None of the foregoing assumptions are factually correct. The LAA’s mistake does explain the funding decision of 8 February 2016, set out at paragraph 38 above, to permit P to bring a claim for a declaration for breach of an injunction.

 

  • P’s claim is and was always based upon his Art. 8 Convention right to respect for his private and family life. The claim had nothing to do with the declaratory relief granted to P in the wardship proceedings. This court was not notified of that alleged breach (now admitted) by an employee of the local authority which it should have been because P is a ward of this court and because of the adverse consequences of the wrongful disclosure on P. Furthermore the wrongful disclosure, insofar as it is relevant, was made to third parties and not to P’s adoptive parents. The local authority asserts that the third parties did not, in fact, pass on the disclosed information to P’s adoptive parents.
  • Seventh, with reference to paragraphs 64(h) and (i) above, in light of the correct factual matrix set out above I am not satisfied that the (unfunded) HRA claim in which damages are sought could be said to be “recovered in proceedings in connection with which legal services were provided” (i.e. the funded wardship proceedings). I go further, I am wholly satisfied that the damages resulting from the HRA claim are not “recovered in proceedings in connection with which legal services were provided”. There is no legal or factual connection between the wardship proceedings and P’s HRA claim.
  • The mere fact that P’s counsel in submission referred to the case of Re L(Care Proceedings: Human Rights Claims) [2003] 2 FLR 160 which advises that HRA claims may or should be made in existing proceedings, does not require this court to conclude that P must or may only make a HRA claim in ongoing wardship proceedings. No claim form was issued. The HRA claim and the quantum of damages were settled before a claim was issued.
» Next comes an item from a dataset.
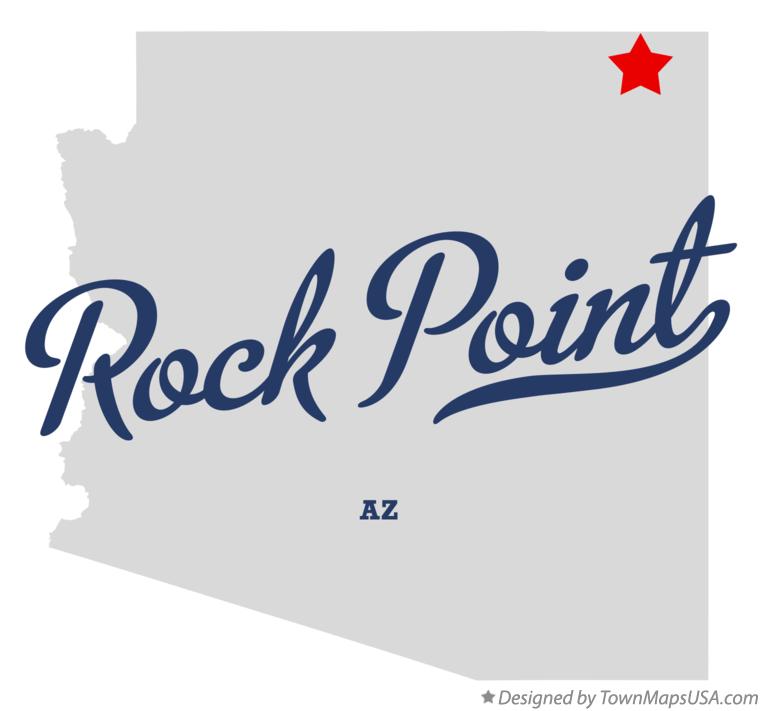 Map of Rock Point Arizona AZ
As referred to in paragraphs 58 and 59 above, rr. 21.10 and 8 of the CPR set out the appropriate procedure when a settlement is reached concerning a child or young person prior to the issue of proceedings.
  • I can discern no legal impediment or other reason why I should not permit P by his solicitor to issue a claim form as required by r. 8.2 of the CPR and upon that basis, in due course, proceed to approve the agreed award of damages to P in respect of his HRA claim in those proceedings. The approval of damages can be submitted by email and be dealt on the papers without the need for a hearing. I am confident that the local authority would agree to pay the costs of that process incurred by P’s legal team.

 

Conclusions

 

  • I am bound to find that the Lord Chancellor, by the director of the LAA, has no discretion or power to waive the statutory charge, if applicable, in this case. The preconditions set out in regulation 9 of the CLA(SC)R 2013 must be satisfied at the time the determination of funding is made and a decision to waive the statutory charge must be made at the same time. That did not happen in this case and thus the preconditions are not satisfied.
  • I do not understand why the CLA(SC)R 2013 regulations placed that limitation on the time when a decision whether to waive the statutory charge must be made. I am not aware of any public interest or policy reasons for the same. It is regrettable that the discretion to waive the statutory charge is so fettered.
  • The manner in which the LAA has made determinations on public funding in these proceedings is extremely unfortunate. In some aspects the decisions are plainly wrong and/or unreasonable and in others the reasoning of the LAA is difficult to understand, if not incomprehensible.
  • In my view it would be extremely regrettable if P were to be denied the benefit of the damages awarded to him as a result of the considerable emotional distress and harm to his mental well being he has suffered as a result of the wrongful conduct of an organ of the state.
  • In light of the fact, however, that the LAA refused to fund a HRA claim for damages it appears me that the damages to be awarded to P under the Part 8 procedure were recovered in a claim that did not have the benefit of a public funding certificate. Further I am wholly satisfied that any damages awarded to P in Part 8 proceedings were not recovered “in proceedings in connection with which [civil legal] services were provided.” Accordingly, however erroneous or muddled the LAA’s decision making was on this issue, in my view, for the reasons I have given above the statutory charge is not and cannot be applicable to P’s award of damages.

 

 

Is this the end of it? Not really. Whilst the Judge here paints a route-map for others to follow, there are two major differences from other HRA cases notably the s20 damages cases.

 

  1. The HRA breach happened AFTER the Court hearing and not really in connection with the Court hearing at all. P’s rights would have been breached by what the rogue member of staff did, whether or not there had been a Court hearing. (The Court hearing made it sharper and more vivid and allowed P to easily tap into legal advice from his legal team whom he already knew, but the breach was a breach regardless. It was  a breach of his article 8 rights, NOT as the LAA mistakenly thought a breach of a Court injunction)
  2. The LAA had been asked to fund a damages claim and had refused. That is a material factor in the Judge being able to rule that there was no connection between the two cases.

 

(On the plus side for children and parents, this case probably makes it more likely that the LAA will STOP refusing to fund such damages cases, since if they do, they leave the door open to not being able to recover their original costs out of any winnings, but that in turn means that they will argue that this case doesn’t have broader application)

 

I suspect this is an issue that only the Court of Appeal or Parliament can resolve. It simply can’t be right that where a child or parent has their human rights breached by the State and compensation is paid that they will not get a penny of it. Equally it can’t be right that where the HRA claim is accepted and settled swiftly, that the LA get hit with costs of care proceedings which would be massively more than the legal costs of dealing with the HRA claim itself (and that is a collision course with Supreme Court decisions in Re S and Re T about where costs orders can be made in care proceedings)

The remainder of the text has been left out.